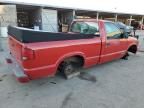 2000 Chevrolet S Truck S10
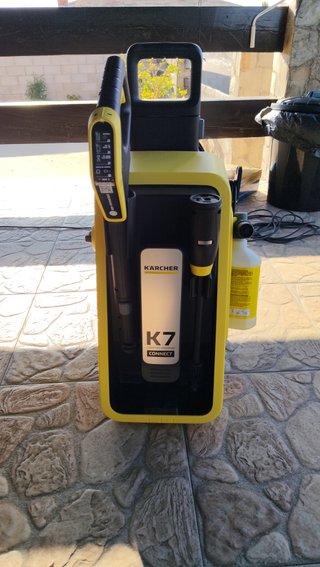Karcher K7 Connect - Como Nueva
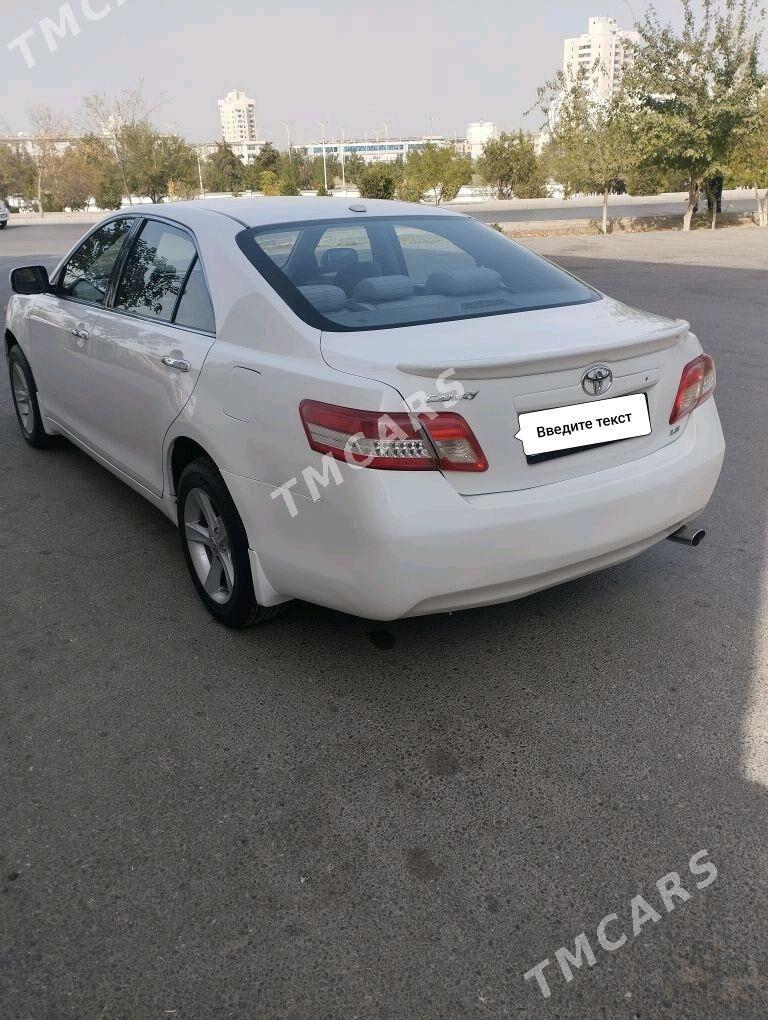 Toyota Camry 2010 - 165 000 TMT - Ашхабад - img 2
_ _ _ _
◆ ASSIGNMENT ◆
Without including any pictures, copy every line above exactly.

◆ WRITTEN ANSWER ◆
 2000 Chevrolet S Truck S10
Karcher K7 Connect - Como Nueva
 Toyota Camry 2010 - 165 000 TMT - Ашхабад - img 2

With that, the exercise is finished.